Old people know too much to be able to recall things quickly
22nd January 2014

Older people sometimes take longer to recall memories because their brains are overfilled with information, it has been claimed.

While forgetfulness can be a signal of the onset of conditions such as dementia, researchers at the Tubingen University in Germany say it is often simply because they have so many memories stored that it takes longer for their brains to pluck them out.

According to the Daily Telegraph, they likened this to a computer's hard drive slowing down when the data it holds gets close to capacity.

Dr Michael Ramscar, who led the study, said: "The human brain works slower in old age, but only because we have stored more information over time.

"The brains of older people do not get weak. On the contrary, they simply know more."

The team tested the theory by using a computer that learned new words and commands each day.

When programmed to only read words, its ability was found to be on a par with a young adult.

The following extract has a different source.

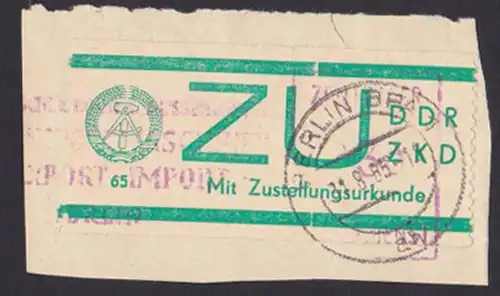 Germany East DDR ZKD E1 Zustellungsurkunde gestempelt used Briefstück, ZKD-AFS und OSt. Berlin 31.8.85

However, when it was also given "experiences" its ability slowed to that of an elderly person.

Professor Harald Baayan, head of the Alexander von Humboldt Quantitative Linguistics research group, believes past tests to compare the mental capacity of differing age groups have been flawed because they favour a younger person.

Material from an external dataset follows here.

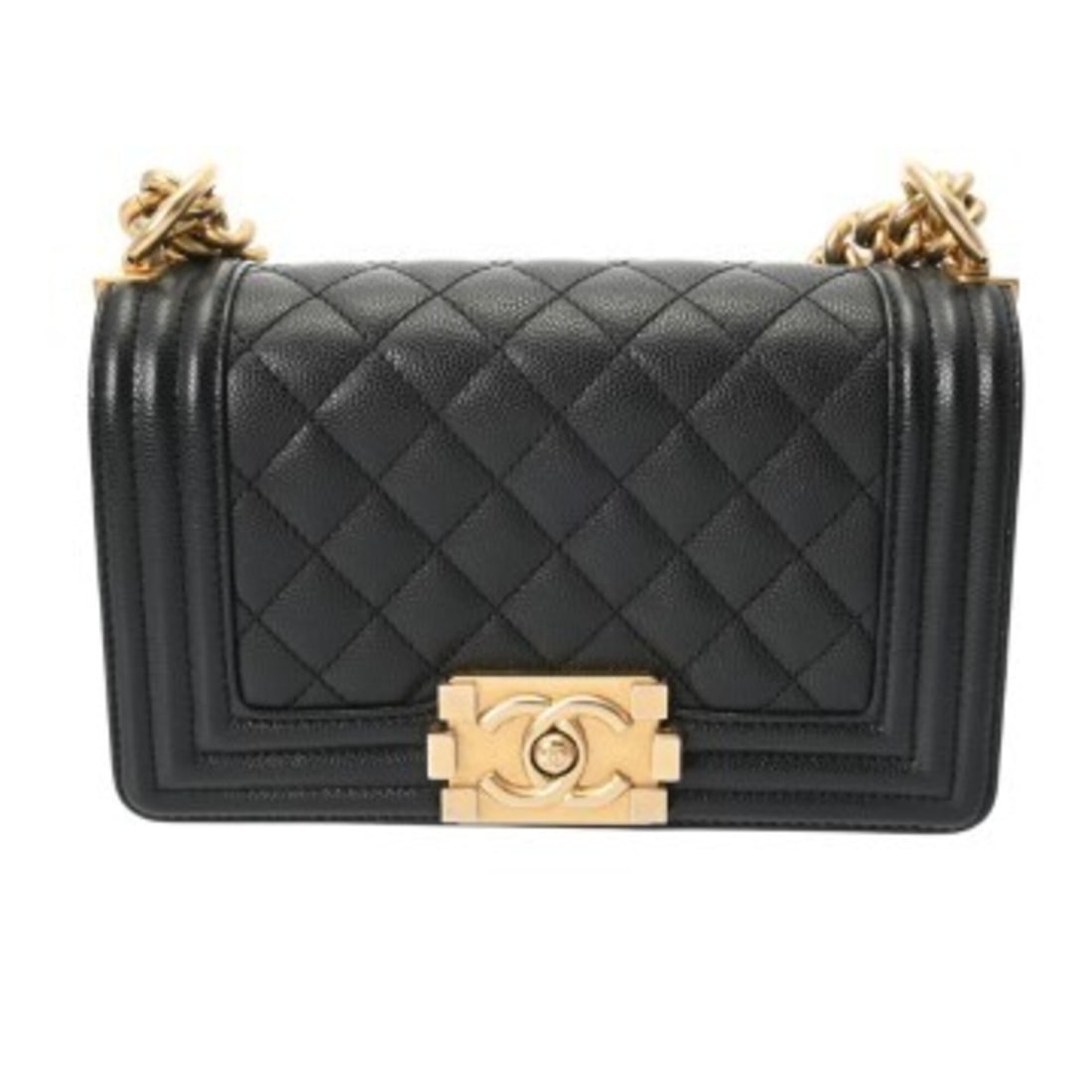 CHANEL Boy Chanel Handbag 20cm Black A67085 Women's Caviar Skin Shoulder Bag A Rank Used Ginzo: --- Catalog ---Category: SizeSize (HxWxD): 12cm x 20cm x 7cm / 4.72'' x 7.87'' x 2.75''Category: DesignType: Handbag, Shoulder bagColor: BlackGender: WomenMaterial: Grained Calfskin Hardware Color: Go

In particular, he is critical of 'paired associated learning', which asks people to remember unrelated words.

"The fact that older adults find nonsense pairs harder to learn than young adults simply demonstrates older adults’ much better understanding of language," he said.

A recent study from the John Hopkins University in the US found that taking a daily dose of caffeine can give people a short-term memory boost.

Researchers split 160 volunteers into two groups, with half being given the stimulant in tablet form and the remainder being given a placebo before their ability to recollect items was tested 24 hours later.

While those given caffeine had greater mental capacity initially, the study did not suggest that taking it long-term would garner any improvements.